The Firestorm after the Flames
The Sunset Fire in the Idaho Panhandle National Forest near Bayview on Pend Oreille Lake. It burned more than 3,100 acres in very steep terrain. Idaho Department of Lands crews and helicopters quickly attacked the fire because of its proximity to the Navy's submarine base at Bayview, There are also many summer homes and float houses in Scenic Bay, to the right of this photograph. It was taken by Brandon Puckett, a wilderness photographer who lives in Sandpoint. We're big fans of his work. https://www.pucktography.com/ The Sunset Fire was a reburn of the 2018 Cougar Fire. Set by lightning on July 27, it burned 7,636 acres between Bayview and Hope. Because the terrain was steep terrain the Forest Service elected not to salvage any of the burnt timber.
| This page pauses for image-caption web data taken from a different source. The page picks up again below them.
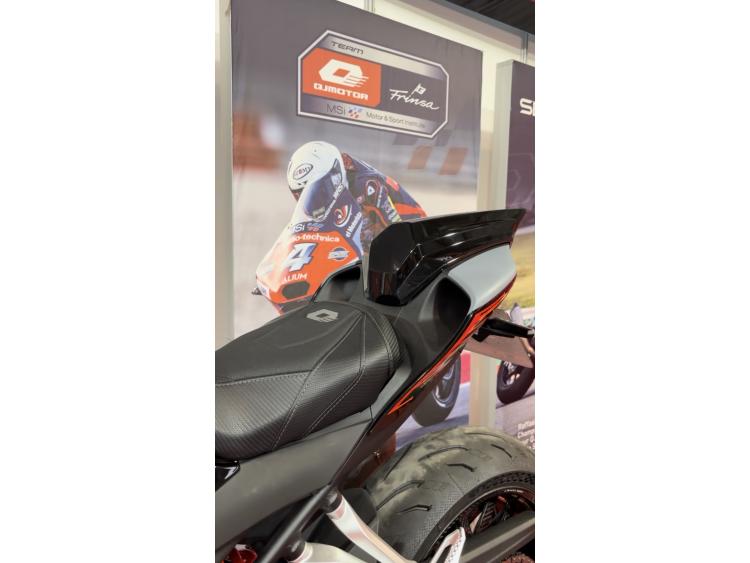 QJMOTOR SRK 800 RR LIMITED EDITION NÎMES 2025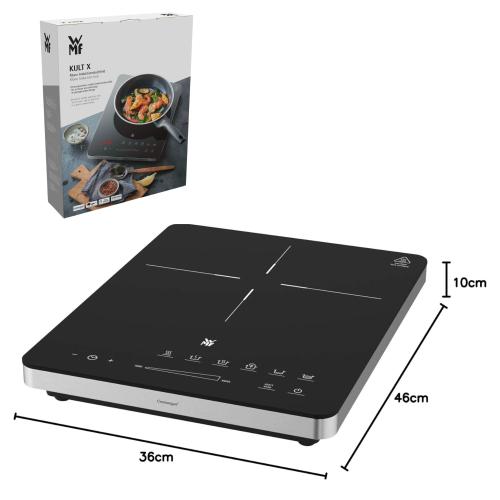 Bếp Từ Đơn WMF Kult X Mono - Nâng Tầm Trải Nghiệm Ẩm Thực Gia Đình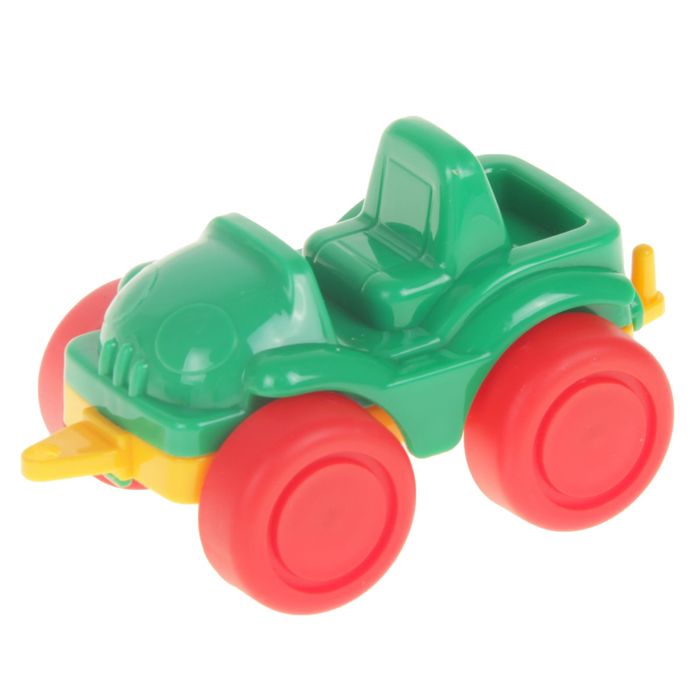 Джип открытый "Нордик", МИКС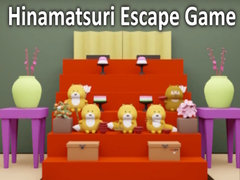 Oyun Hinamatsuri Escape Game
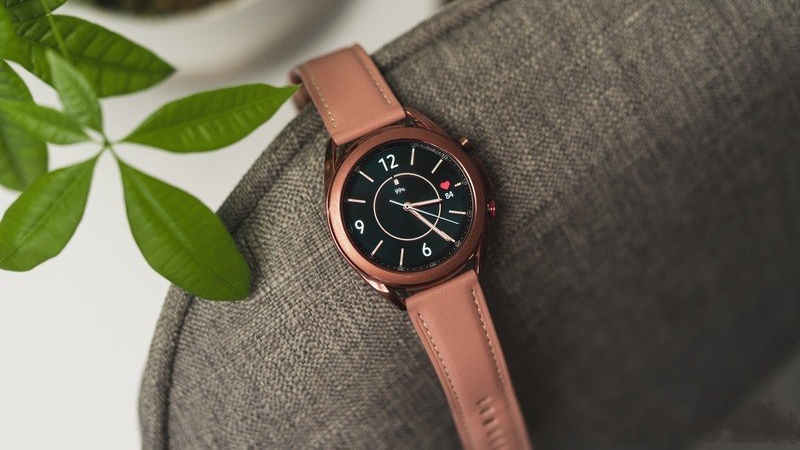 Galaxy Watch4 lộ nhiều thông tin hấp dẫn, thiết kế kiểu cổ điển hay thể thao đều hội đủ, có một tính năng giống Apple Watch Galaxy Watch4 lộ nhiều thông tin hấp dẫn, thiết kế kiểu cổ điển hay thể thao đều hội đủ, có một tính năng giống Apple Watch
The Firestorm after the Flames

Introduction by Jim Petersen

Frank Carroll is an old friend and a boat rocker of legendary proportion.

He is Vice President of the National Wildfire Alliance and President of Wildfire Pros, a Pueblo, Colorado forest and rangeland consulting firm with a résumé far too long to describe here. Their work is extensive and impressive.

The National Wildfire Alliance was originally formed as the National Wildfire Institute by the late Bruce Courtright, whom we also knew well. Bruce’s long career with the U.S. Forest Service included time with State and Private Forestry and many years as Chief of Management Improvement. As NWI’s founder and board chairman, he was a strong proponent of increased staffing, wildfire prevention, and active forest management.

Frank, along with several others we know – including Evergreen board member Phil Aune – has helped breathe new life into Bruce’s vision with the help of Bob Zybach, another old friend whose essays have appeared on our website dozens of times. No one knows more about the history of tribal cultural influences in western Oregon’s Willamette Valley than Bob. He – and Frank – have been instrumental in connecting many dots at NWA and Evergreen.

Frank’s op-ed goes straight at one of the most protected assumptions in today’s federal wildfire policy: that allowing some wildfires to burn under the banner of “managed fire” is a sound restoration strategy.

Based on his decades of field experience, Frank argues that this policy is outdated, dangerous, and undermines resilience. He believes unplanned wildfires should be suppressed quickly, that post-fire salvage and rehabilitation should begin immediately, and that active forest management – including roads, timber utilization, biomass markets, and restoration funding – must replace the cycle of watching forests burn while ignoring, or worse, blocking active restoration.

Frank is challenging the language, policy, and institutional habits that have shaped wildfire management for decades. You do not have to agree with Frank on every point to understand that in the West – where much of America’s forest wealth is found – something has to change. The West is living with the failure of managed fire policy.

What follows is Frank’s boat rocker: an op-ed he recently wrote for the National Wildfire Alliance.

Minor edits have been made for spelling, grammar, punctuation, and flow.

The Case for Immediate Suppression and Active Forest Management

By Frank Carroll

The devastating wildfires that now characterize the Western landscape do not simply represent a natural disaster. They are the consequence of decades of flawed and politically engineered federal policy. The catastrophic damage wrought by these fires – including the wholesale destruction of wildlife, habitat, and infrastructure – is compounded by a profound crisis in post-fire land management.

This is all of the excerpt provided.